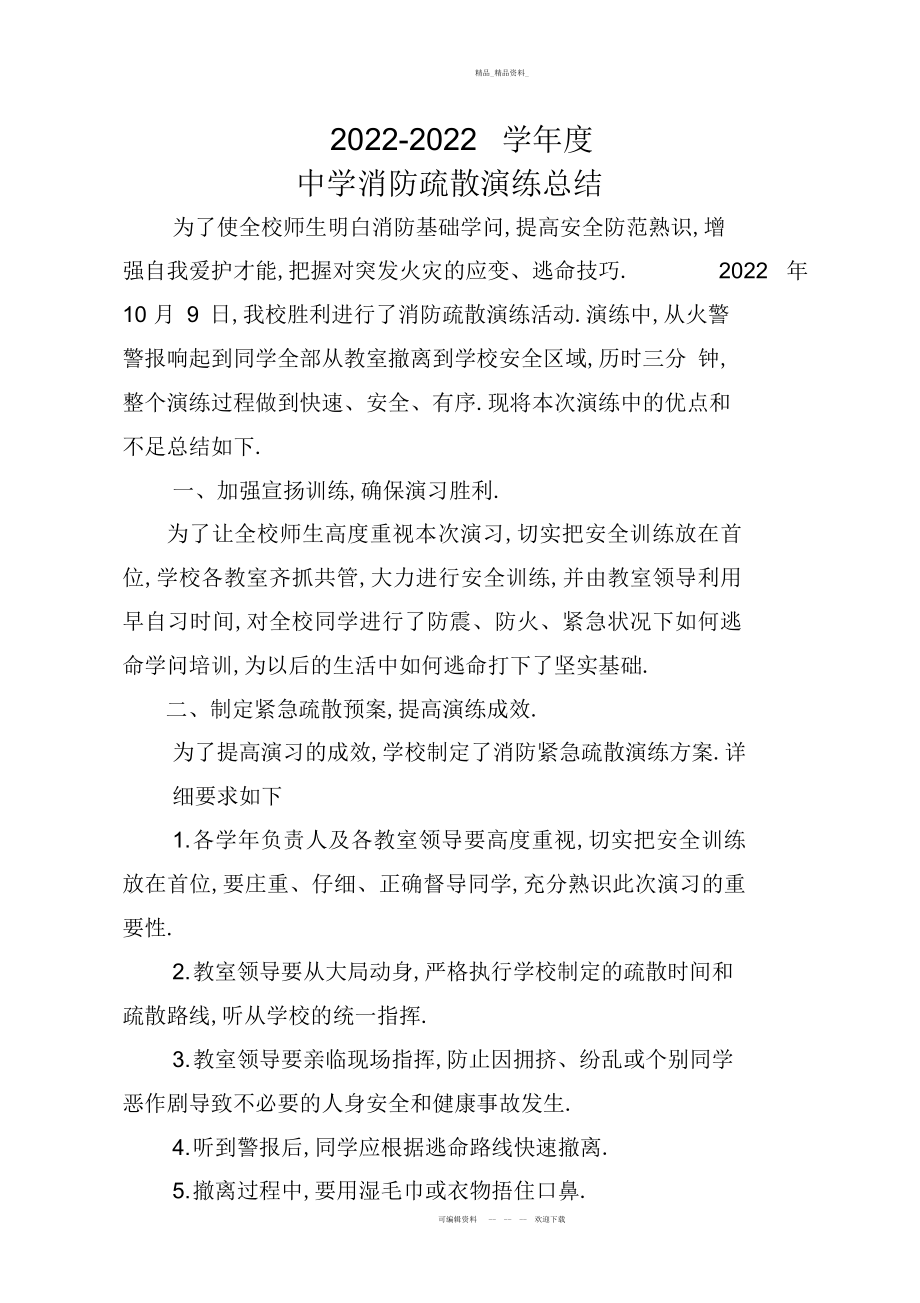 2022年中学消防疏散演练总结 .docx_第1页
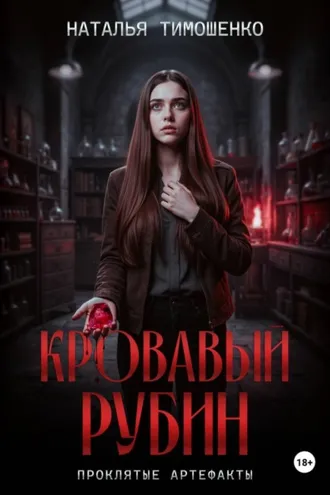 Обложка книги «Кровавый рубин»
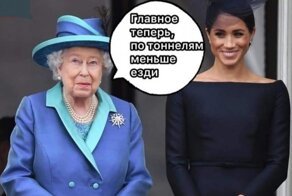 Черный-черный юмор, который симпатичен многим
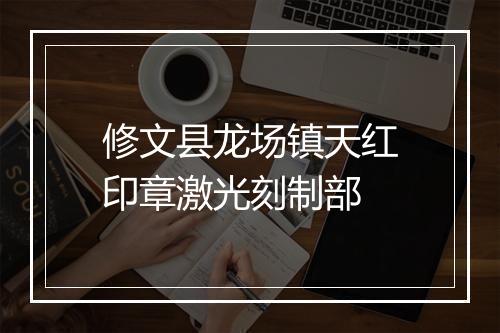 修文县龙场镇天红印章激光刻制部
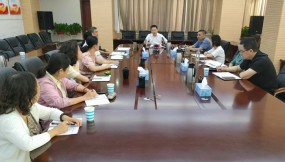  集团公司召开财务专题会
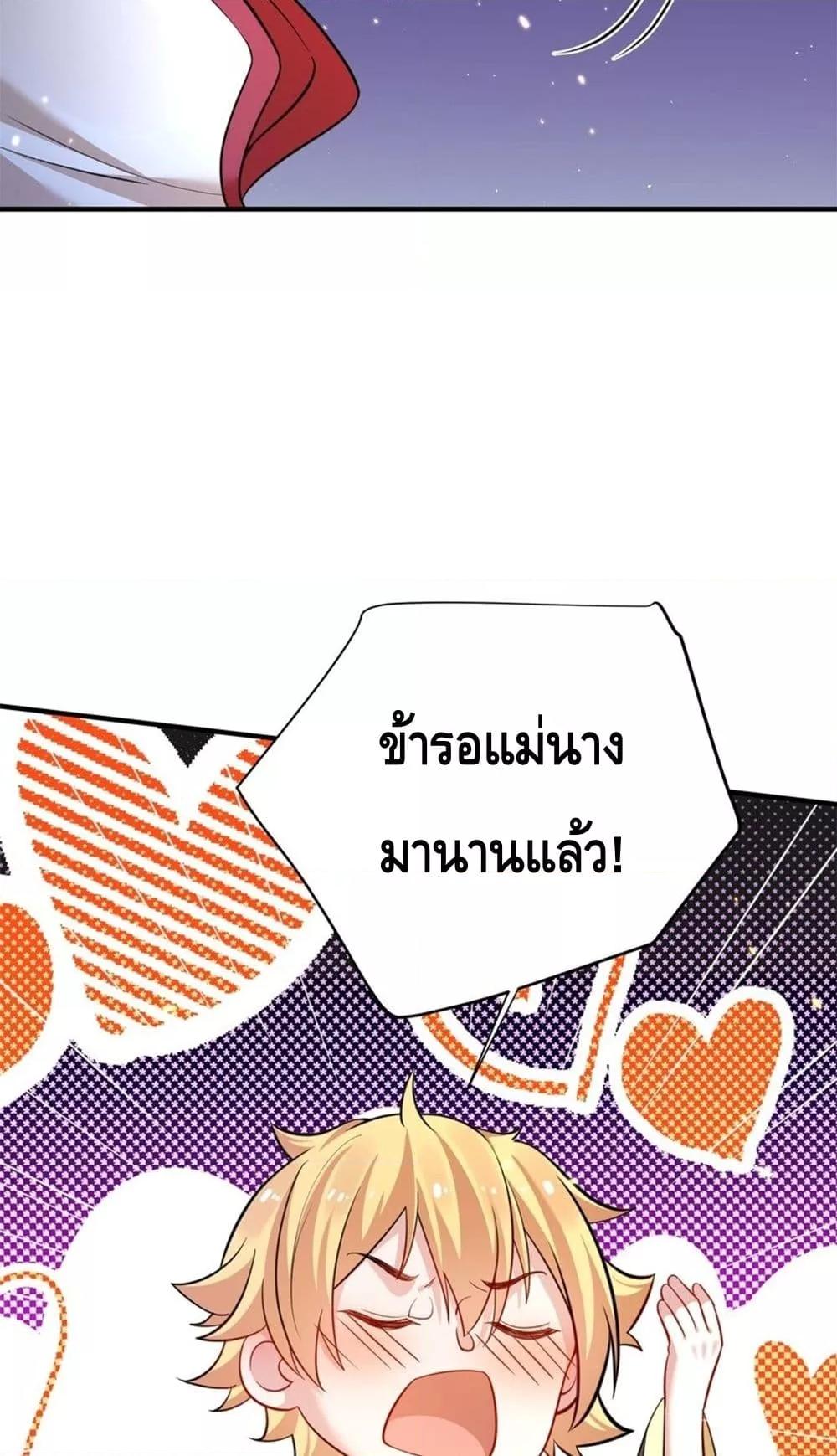 Manga-lc-com อ่านมังงะ อ่านการ์ตูน ออนไลน์ ฟรี AmIInvincible ตอนที่ 1 2 3 4 5 6 7 8 9 10 11 12 13 14 ฟรี ไม่มีโฆษณา Manga-lc - อ่าน มังงะ อ่าน การ์ตูน ออนไลน์ อ่านมังงะ ฟรี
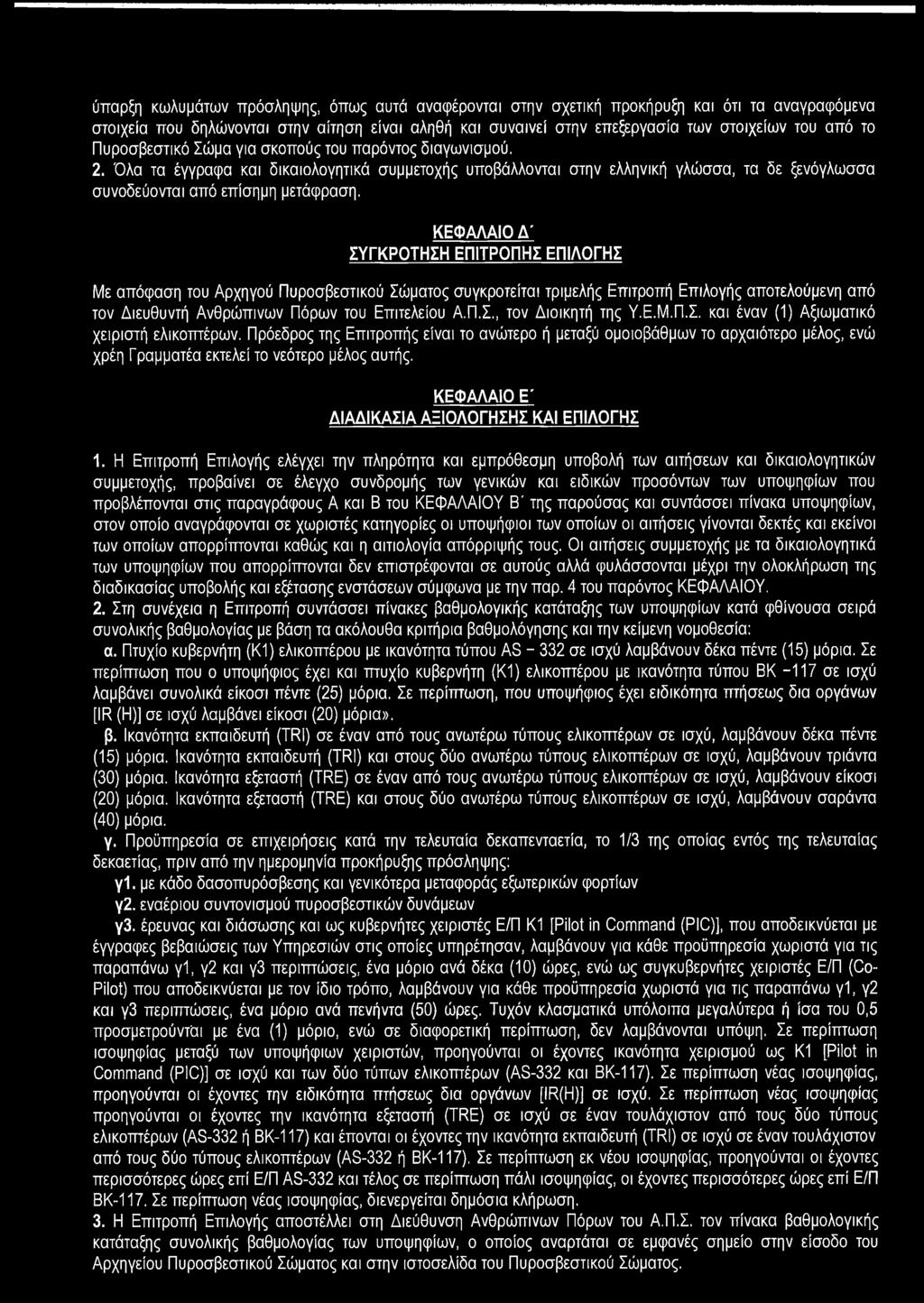ύπαρξη κωλυμάτων πρόσληψης, όπως αυτά αναφέρονται στην σχετική προκήρυξη και ότι τα αναγραφόμενα στοιχεία που δηλώνονται στην αίτηση είναι αληθή και συναινεί στην επεξεργασία των στοιχείων του από το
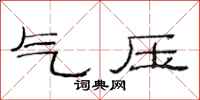 范連陞氣壓隸書怎么寫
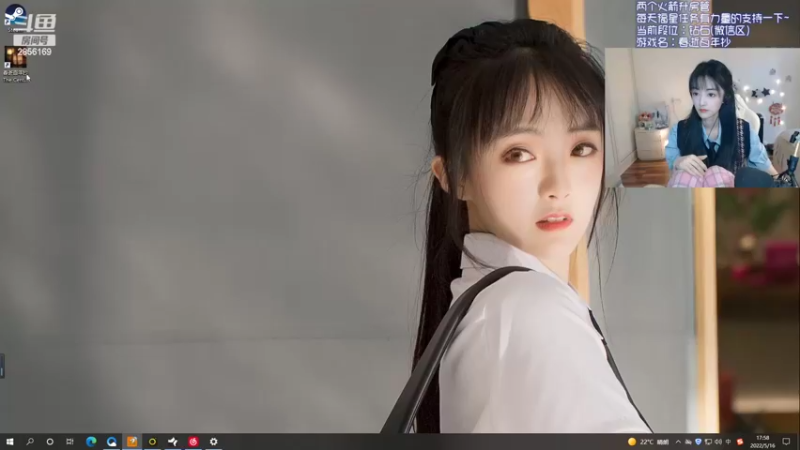 【2022-05-16 17点场】很嗯的雨薇：雨薇：我社恐，少责备，多关怀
________________
> [Requirement]: Repeat all the records above exactly, leaving out any pictures.

> [Result of the task]:
 2022年中学消防疏散演练总结 .docx_第1页
 Обложка книги «Кровавый рубин»
 Черный-черный юмор, который симпатичен многим
 修文县龙场镇天红印章激光刻制部
  集团公司召开财务专题会
 Manga-lc-com อ่านมังงะ อ่านการ์ตูน ออนไลน์ ฟรี AmIInvincible ตอนที่ 1 2 3 4 5 6 7 8 9 10 11 12 13 14 ฟรี ไม่มีโฆษณา Manga-lc - อ่าน มังงะ อ่าน การ์ตูน ออนไลน์ อ่านมังงะ ฟรี
ύπαρξη κωλυμάτων πρόσληψης, όπως αυτά αναφέρονται στην σχετική προκήρυξη και ότι τα αναγραφόμενα στοιχεία που δηλώνονται στην αίτηση είναι αληθή και συναινεί στην επεξεργασία των στοιχείων του από το
 范連陞氣壓隸書怎么寫
 【2022-05-16 17点场】很嗯的雨薇：雨薇：我社恐，少责备，多关怀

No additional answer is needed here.